Strikingly, cardiovascular risk factors such as hypertension, dyslipidemia, and diabetes mellitus are modifiers of the interaction between pathogenic mechanisms and stroke (42). PDE5A is a hypertension-related gene that regulates cardiac tone and vascular function (43). There is a relationship between diabetes mellitus and PDE5A polymorphism regarding the response to sildenafil treatment (44). CEACAM8 is reported to be associated with atherosclerosis and type 2 diabetes (45). In addition, there are some co-morbidities of stroke, such as peripheral artery disease and coronary artery disease (CAD). A previous study revealed an association of PDE5A variant and CAD (46). High frequency of the ITGB3 C allele was observed in CAD patients (47). These data suggested that these stroke risk factors and co-morbidities may affect the development of COVID-19 and IS via regulating these hub-shared genes. Despite these, whether stroke risk factors and co-morbidities contribute to the dysregulation of hub-shared genes are required to be investigated in the future.
To better understand the possible mechanism of hub-shared genes in COVID-19 and IS, we conducted functional enrichment analysis. These hub-shared genes were implicated in key pathways such as ECM-receptor interaction and focal adhesion. ECM-receptor interaction is related to inflammatory responses after stroke (48). Focal adhesion is associated with adhesion and migration of vascular smooth muscle cells, which play a key role in stroke (49). ECM-receptor interactions and focal adhesions are also associated with COVID-19 (50). These pathways may be associated with key mechanisms mediating the function of hub-shared genes in the development of COVID-19 and IS.
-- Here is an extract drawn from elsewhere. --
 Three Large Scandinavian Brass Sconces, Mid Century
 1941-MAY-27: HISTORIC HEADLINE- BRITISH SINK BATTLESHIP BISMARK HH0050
miRNAs are post-transcriptional regulators that regulate the expression of their target genes. miRNAs play important roles in COVID-19 (51) and IS (52). We further discovered a link between COVID-19 and IS in terms of miRNA expression. In the miRNA-target network, ITGB3, PDE5A, and CEACAM8 were targeted by 53, 32, and 3 miRNAs, respectively. For instance, ITGB3 and PDE5A are targeted by a large number of miRNAs, such as miR-200c-3p and miR-34a-5p. miR-200c-3p expression is related to COVID-19 and may be a predictor of COVID-19 severity (53). Peripheral blood levels of miR-200c-3p have been suggested as potential biomarkers for IS (54). The reduced miR-34a-5p expression has been observed in lung tissues and airway samples of patients with COVID-19 (55, 56). Increased miR-34a-5p expression induces brain cell apoptosis in patients with acute IS (57). Moreover, PDE5A and CEACAM8 were targeted by miR-335-5p. The levels of miR-335-5p are reduced in plasma samples of patients with IS (58). Circ_0101874 overexpression can promote neuronal injury in IS by regulating the miR-335-5p/PDE4D axis (59). Meanwhile, miR-335-5p is downregulated in patients with COVID-19 relative to its expression in patients with community-acquired pneumonia (60). Furthermore, these predicted miRNAs of hub-shared genes were also enriched in key pathways, such as ECM-receptor interaction and focal adhesion, which were the same as those enriched in association with the hub-shared genes. Therefore, these miRNAs may also be key regulators of COVID-19 and IS.
TFs play an important role in regulating gene expression. We explored the relationships between TFs and hub-shared genes. Based on the TF–gene interaction network, TFs, such as LTF, showed stronger predicted correlations with hub-shared genes. LTF is an iron-binding glycoprotein of the transferrin family with anti-inflammatory, antioxidant, antibacterial, and antiviral properties (61). LTF improves neurological deficits associated with stroke (62). Accumulating evidence has revealed the potential applications of LFT in the COVID-19 management (63–65). Targeting LTF may be a treatment strategy for COVID-19 and IS. In addition to LTF, other TFs, such as ZNF385D, GATA1, CEBPE, NFATC2, GFI1, ZXDA, ZBTB14, GFI1B, and LYL1, showed strong predicted correlations with hub-shared genes. The functions of these TFs in COVID-19 and IS warrant further investigation.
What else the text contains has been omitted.